My goal for this upcoming week is to re-generate all of the reference fluid simulations, record those and get log files, and then get log files from the FPGA fluid simulations and get Chamfer distance numbers. I also want to use the new visualization method to compare the fluid simulations as point clouds for easier visual verification. This will also provide as a nice graphic for all of our presentation materials.

We’ve more or less locked down our final code version,  just need to verify everything and document all of our hardware improvements with timing numbers. Feeling great that our project finally has something visual for results 🙂

Jeremy’s Status Report – 04/30/2022

This week I primarily worked on integration and the poster for our final presentation. I also worked a little bit on debugging the AXI ports with Ziyi. We integrated the different optimizations together and also worked on getting more data for our optimizations.

I am happy with our progress in this project.

Team’s Status Report – 04/20/2022

With most of the baseline operations implemented and verified, most of the time for this last week was spent on finalizing integration and adding some extra touches to algorithm and the different scenes we want to demo.

On the hardware side, we finalized how we would handle the interfacing between the Host CPU on the FPGA and the FPGA fabric itself.

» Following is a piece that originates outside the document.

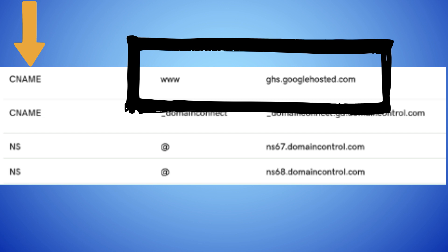So this is how you fix the issue with invalid DNS on Google Sites with custom domain. Thanks for watching. Please subscribe.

After some testing, we realized that the our port-widening scheme resulted in some faulty values being translated. We believe that this was due to how our datatype is only 24 bits, while the ports would have to be multiples of 32 bits wide. We think that this offset might be messing up our pointer-casting data-packing scheme. However, this is not really that big of an issue, as we can just have a longer burst transaction length. Furthermore, testing the different kernels on the FPGA yielded similar timings as well. It seems that as long as the transaction was bursted, the specifics did not really matter. (Amdahl’s Law suggests that we should turn our attentions elsewhere :^) ). Other than that, we decided to unroll a couple more things, and we mostly locked in our final code.

On the software side, we focused on adding support for displaying new scenes. There was some exploration into supporting other types of primitives such as quads and even meshes, but with a week or two left it was decided that we would just add support for more spheres (the alternative would be looking into compiling OpenGL on the Ultra96 and/or a major refactor for supporting a general Shapes class and changing a lot of std::move operations). We also figured out a new way of visualization so that we could compare the fluid simulation traces directly as point clouds. We still need to do some timing for data transfer between the Ultra96 and the host computer, but that should be trivial since it’s just an scp operation and then using a built-in timing tool in terminal.

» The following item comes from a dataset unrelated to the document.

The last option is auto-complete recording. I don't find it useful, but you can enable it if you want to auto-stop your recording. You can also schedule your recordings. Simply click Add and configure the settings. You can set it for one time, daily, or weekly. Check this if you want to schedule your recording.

Overall we’re pretty excited that our project actually works and we have cool things to show off now. We just need to get a lot of specific timing numbers down to address our requirements now, but we’re confident that we can get that done in the next couple days in time for the presentations.

Ziyi’s Status Report – 4/30/2022

During this final week, we pretty much just finished up working on the integration of the entire project. We merged Jeremy’s changes in the loop logic with my logic for the burst transfers and verified that the results made sense. After this, we investigated unrolling and pipelining a few more loops and managed to squeeze out a bit more performance. As  shared in the presentation, here is a summary of some of the effects of different optimizations.


As a note, these results are only estimates of the kernel operation itself, and do not entirely reflect the costs of both the kernel and its associated data transfer.

 

Other than integration, the rest of this week was pretty much spent on preparing presentation materials, including the final presentation, the poster, and the final video.